The Productivity gains extend beyond compiler construction. GitHub reports that developers using Copilot are up to 55% more productive at writing code and report 75% higher job satisfaction, according to GitHub’s official documentation. Microsoft-backed trials show AI assistance leads to approximately a 21% productivity boost in complex knowledge work, per Index.dev research.

However, AI-generated code requires rigorous oversight. A GitClear study found that code copying and pasting has increased since 2022, while refactoring has decreased, leading to higher code churn, and concluded that ‘the rise of AI assistants is strongly correlated with ‘mistake code’ being pushed to the repo’, as reported by Stack Overflow.

Context

Compiler construction traditionally requires deep expertise in parsing theory, abstract syntax trees, intermediate representations, optimization passes, and target architecture code generation. The Scheme language, developed at MIT in 1975, remains a benchmark for compiler implementation due to its minimal syntax but demanding features like proper tail-call optimization and first-class continuations.

Anthropic researcher Nicholas Carlini stated the autonomous compiler experiment both excites him and leaves him ‘feeling uneasy,’ noting he didn’t expect this capability to emerge this early in 2026, according to Medium. Coming from a penetration testing background, Carlini expressed concern about deploying code that no human has personally reviewed.

Shifting Developer Roles

AI agents could handle repetitive tasks, large refactors, testing, and bug fixing, allowing humans to focus on design, architecture, and problem-solving, while raising questions about code quality, trust, and verification, according to Gizmochina.

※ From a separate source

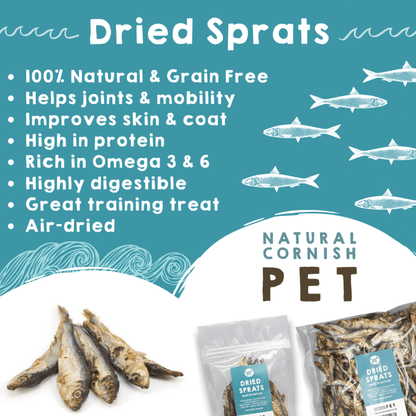 Dried Sprats for Dogs - Natural Dog Treats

Engineers seeing massive productivity gains aren’t using magic prompts—they’re using disciplined workflows, with AI coding tools only boosting productivity when used systematically, according to Forge Code.

Key Implications
  • AI can now autonomously execute multi-stage compiler tasks that previously required specialized human expertise
  • Development time for complex systems compressed from months/years to days/weeks
  • Quality control and code review become more critical as AI generates larger codebases
  • Developer roles shifting from implementation to architecture, verification, and oversight

What to Watch

The rapid evolution of AI-assisted development raises immediate questions about software supply chain security and verification standards. As AI systems generate increasingly complex codebases with minimal human review, the industry will need robust testing frameworks and verification tools to match the accelerated development pace.

Expect compiler and language implementation projects—once the domain of PhD-level specialists—to become accessible to broader developer populations. The democratization of compiler construction could accelerate language experimentation and domain-specific language development, particularly for WebAssembly targets where Phillips and others have demonstrated viability.

The convergence of AI agents with continuous integration pipelines represents the next frontier. Organizations adopting AI-driven development at scale will need to establish clear governance frameworks around code ownership, liability, and quality assurance as the ratio of AI-generated to human-written code continues to climb.